The door to the room had been open, so I stumbled in, rosary in hand. Safety pins were scattered on the bed, some of them bent from pressure. The windowpane and the tiles next to it were covered in talcum powder. On the dressing table were two glasses of black coffee, its dry stain in rings on the bottom of it. It smelled of sweat and American body mist. One of the two pillow covers had been burned with an iron box, leaving an eye-shaped hole in the middle. Curly hair patterned the floor. Among those, like the promised silver lining in a dark cloud, I found it – a white strand of hair, thin, wavy, and membraned in cobwebs.
welcome back, grandma. bye again.
the next excerpt is another one of the thousand melodramatic emotional experiences that dinah goes through.
Nothing made noise. Every lone thing that had been alive and blooming in the village had died. Every land was barren, every river was flooding, every beautiful thing had turned to dust. Every face only a blur and every sound, a cry for help. Everything bleak and bleached, everything lost. Everything was gone and yet, the lives of everyone else remained the same; remained unchanged. Every family untouched but mine. All of them fortunate but mine. Everybody in their nests but me, a raven, flying about the village with a song in its head. It had come from nowhere, cutting through my silence, and it would stay forever as a muffled hum. A somber cry.
it actually runs a bit longer but yeah. that will be it for now.
vignette eight – lover’s vengeance
no excerpts from this chapter. enjoy the silence.
chapter nine – womb stain
teeny tiny excerpt from this one because i can never really shut up.
Mist covered the plantation and the road to the house. It rested in like a chiffon skirt.
vignette nine – vortex of wrath
we’re back with austin vignettes and pretty pretty prose for this pretty pretty boy.
Austin has been both abyss and mirrorball, but today, he is reborn in dirt. He is human more than he is boy. More than an accumulation of lessons and silences forced into place.
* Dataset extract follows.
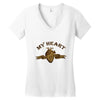 My Heart (a230) Women's V-Neck T-Shirt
Today, he is free, his wings unclipped, his fire unleashed. Today, he is lover. His ribs are knives sharpened against the metallic ring of revenge. His hands, mapped with fury, make love with sin. Today, he is man more than he is son. He is tide. He beats against the shore. Today, he takes in a sweep.
this goes on for another half an hour (more or less) because austin is everybody’s favourite and he deserves the world.
chapter ten – wine hearts
only one excerpt from this chapter too.
I woke up in the afternoon with pain piercing through my head. I sat up in bed, clutching chunks of hair in my fists. I buried my head in the pillow and groaned, but the pain remained. I got up and went to the bathroom. I turned the shower on and stood under it, the water, cold despite the sun, falling on my skin. My skin melted under it like a glacier, heat escaping every pore that had trapped it in. I lathered shampoo into my hair and soap onto my skin. I washed myself clean, brushed my teeth, and dried my hair with a towel. I wiped my body with another and changed into a fresh pair of clothes – an olive-green T-shirt and a creme long skirt.
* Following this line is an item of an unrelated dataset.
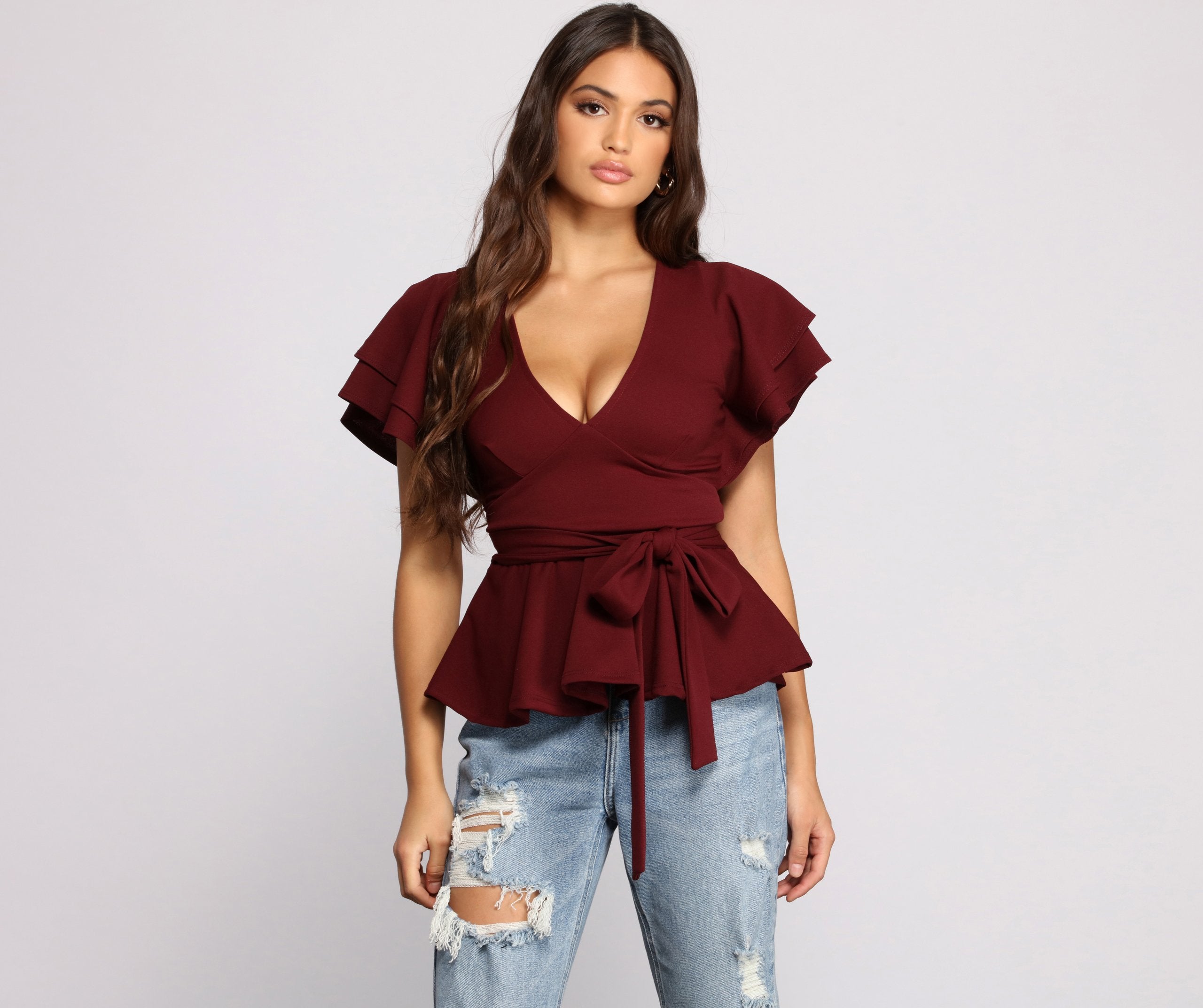 Get That Classic Vibe Peplum Top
also runs longer and talks about more things dinah does that are… ahem… unfortunately relevant to the (no) plot.
vignette ten – the beginning and the end
so, this is a vignette i might actually take out. i like how the story ends without it and kinda feel like this doesn’t fit that well, but we’ll see about that next month when i sit down for edits.
until then, that’s it! that’s my book! big thanks to everyone who supported me throughout the process of writing it. hope y’all get to hold this in your hand real soon!
this user is obsessed with their book and is dealing with separation anxiety with her characters, so she wrote something else with them – a chapbook!
when @coffeeandcalligraphy did this, i knew it was something i’d love to do, too, so i gave it a go. the plan was to write it before finishing dairy whiskey (as an exercise to help with the book) but when does anything ever go by plan?
i wrote this last night in a span of two hours. there’s five poems in this and i’m so proud of them all!
i loved writing it, so you all get to read it, too! i’ll leave a link at the end of this for ya’ll to download the book for free (and the link to my paypal if you’d like to support a struggling artist, but no pressure ofc).
but before all that, here we go – the five poems in this book, under the cut.
children with expiry dates
this poem reads as an instruction manual to mariam. it’s both empathetic and hateful, it’s a confusing blend of emotions. “chandeliers are for non-believers”, the poem opens, and goes on for two pages.
litany in which certain tomorrows are promised – after richard siken
the longest poem in the book, running a total of fifty lines, talks about the central relationships that dinah maintains with people. talks about religious and childhood trauma, but ends with a sort of hope/consolation.
map of a mother
a poem that lists out the specifics of dinah’s memory of her mother – what she thinks about, what she feels, and what she willingly forgets.
holding rain
talks about another world or life, a sort of euphoria, where dinah has a simple and tender relationship with ephron, totally unlike the dynamics they share in the story.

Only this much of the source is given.